You can’t go anywhere without meeting clever people. The thing has become an absolute public nuisance. I wish to goodness we had a few fools left.
– Oscar Wilde
I find that, no matter the situation in which I find myself, there is a Wildeism that applies. Today, this one’s mine.
Simply put, I’m often too clever for my own good. I’m often overly convinced of my own vision and acumen, of my own position in the master-student hierarchy. Convinced that in a kingdom of the blind, I’m the only one who can see. In short, as was pointed out to me rather bluntly a few days ago, I am often an arrogant bastard.
On one hand, I’m not persuaded that this is necessarily a bad thing. The very act of writing something down for public consumption entails a certain “humble arrogance”: to think that something one has to say might actually be of benefit to others. To hope that some pearl of dim wisdom, derived from the relatively quotidian experience that is the average human life, might in the end shape the essence of things, might change the world as we know it. This requires a special kind of arrogance indeed.
On the other hand, though, there is the sometimes overlooked fact (at least by me) that the experience of average human life is quotidian precisely because it is shared. I am not the only one watching the world through perceptive eyes; although I may have something of value to contribute, in that I am surely not alone. Failing to acknowledge this entails a not-so-special kind of arrogance.
There are two sides to every coin. And my coin, much to my chagrin, seems to be rigged. It’s a trick coin, a Harvey Dent coin, a coin with a mind of its own. In other words, in the battle between arrogant bastards, the humble guy generally gets his ass kicked.
A few days ago, I wrote a post about gender and race relations. I tossed the coin, aware of the risk I was taking, but not as prepared for the fallout as I thought I was. Like I told a friend, my skin is never as thick as I think it’s going to be. I tossed the coin, and it landed pretty much right on its edge. Which didn’t work for me. So I knocked it over. The wrong way.
Let me be clear: I still believe what I said is in many ways correct. I’m not the type to grovel and scrape, and I don’t feel any need to here. That being said…it has become clear to me that a) I didn’t say it nearly as eloquently or innocuously as I thought I had, and b) what is more important by far, I am perhaps not the right person to say it in the first place.

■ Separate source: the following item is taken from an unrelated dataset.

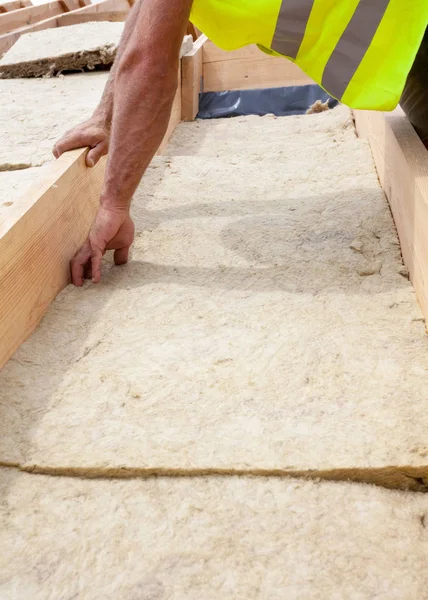 Roofer builder arbetstagare installera taket isoleringsmaterial på nytt hus under uppförande. — Stockfoto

I want to revisit the Alicen Grey quote that started me down this argumentative road in the first place:
It’s painful when I hear/see quotes from men, waxing poetic about how violent and inhumane “we” “humans” are “to each other”. When historically and globally, males account for the vast, vast majority of violence. Mostly against women. I used to wonder, how could these men – fancying themselves profound and in-on Truth – possibly call “humans” violent when they are technically the source? But I guess that’s what happens when the only people you consider humans are other men.
(I’m going to borrow a bit from a recent e-mail to a friend, sent in the aftermath of the “post-ocalypse,” in the hopes of explaining myself a bit better. I hope she doesn’t mind.)
I believe Alicen Grey is justified in her feelings in ways that (as I said) I cannot understand, being neither Black nor a woman. I’m telling you that I believe her (yes!) imperialistic language is used in this case in an attempt to right wrongs in a system in desperate need of righting, but in a manner that sells itself short by angering the people (men) she holds responsible rather than inspiring them to self-reflection. Not unlike my own reaction. Sometimes people who have a point worth making make it in unfortunate and counterproductive ways. Again, not unlike myself. I can’t hold it against her, because I wouldn’t want it held against me. So, yes, given the opportunity, and given the benefit of the doubt, I would gladly work alongside her. I’m not just saying that. Once I’ve gotten over myself, I truly believe there is no one on this planet with whom I could not find some common ground somewhere.
You see, I forget sometimes that perception is nine-tenths of the truth. I said what I said, convinced of its accuracy, with little regard for the ways in which it might be taken. In other words, I did exactly what I was suggesting Alicen Grey shouldn’t have done. So…shame on me.
Whatever else you take from what I write here (and I’m stealing from the e-mail again), please take this:
I truly desire nothing more than to make the world a better, more equitable and just place for all of us. But at the end of the day, I’m human; I can’t be more than that. No one can. And my humanity, as everyone’s, is the thorn in my flesh. It allows me to soar, and it causes me to crash back down to earth when my wings collapse under the weight of my own hubris. And it always will.
According to Oscar Wilde, the world needs a few more fools. In my case, perhaps an acknowledgement of my own episodic foolishness will do, as a step toward a more Wildean equilibrium.
I will write on. And stumble from time to time over my own wayward ego. And then, get back up, dust myself off, and write on further.